In the past years, the rise of digital technologies and the urgency of addressing societal grand challenges have generated opportunities for creatives to play a role in processes of organizational change and innovation (Calabretta & Kleinsmann, 2017; Jones, Lorenzen & Sapsed, 2015; Pedersen, Slavich & Khaire, 2019; Svejenova, Slavich & Abdel Gawad, 2015). Creatives include a broad category of professionals, such as architects (Jones et al., 2012), designers (Fayard, Stigliani & Bechky, 2017), video game developers (Cohendet & Simon, 2016), chefs (Slavich et al., 2020; Slavich & Castellucci, 2020), artists (Sgourev, 2013) and in some cases entrepreneurs (Svejenova, Slavich & Abdel Gawad, 2015).
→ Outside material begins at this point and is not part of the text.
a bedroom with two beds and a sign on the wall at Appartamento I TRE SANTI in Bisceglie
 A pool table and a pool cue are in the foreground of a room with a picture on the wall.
What these actors have in common is that they are comfortable in ambiguous realms (Lingo & O’Mahony, 2010), have the skills to translate abstract ideas into some sort of materiality (Stigliani & Ravasi, 2012) and are accustomed to use their imagination to think out of the box and identify new business directions (Stigliani & Ravasi, 2012).
While organizations generally recognize the importance of creatives for innovation, they often find it hard to kickstart and embed creative processes in their way of operating. This might be due to a legacy of organizational values, processes, and logics anchoring innovation to a more analytical and linear approach (Choi et al., 2011) where imagination and intuition are only used to a certain extent and/or diluted along the process. For example, it is common among creatives not to know the output of their work beforehand and as such their processes are riddled with inherent unknowability (Jones et al., 2015). Therefore, creative processes require a degree of experimentation and openness, and can perish in too close monitoring (Harrison & Rouse, 2014). While the unpredictability associated with creatives’ work is embedded in the functioning of creative contexts, it is different in business, in which work is often structured around certainty, or at least efforts to reduce unpredictability and manage risk (Townley, Beech & McKinlay, 2009).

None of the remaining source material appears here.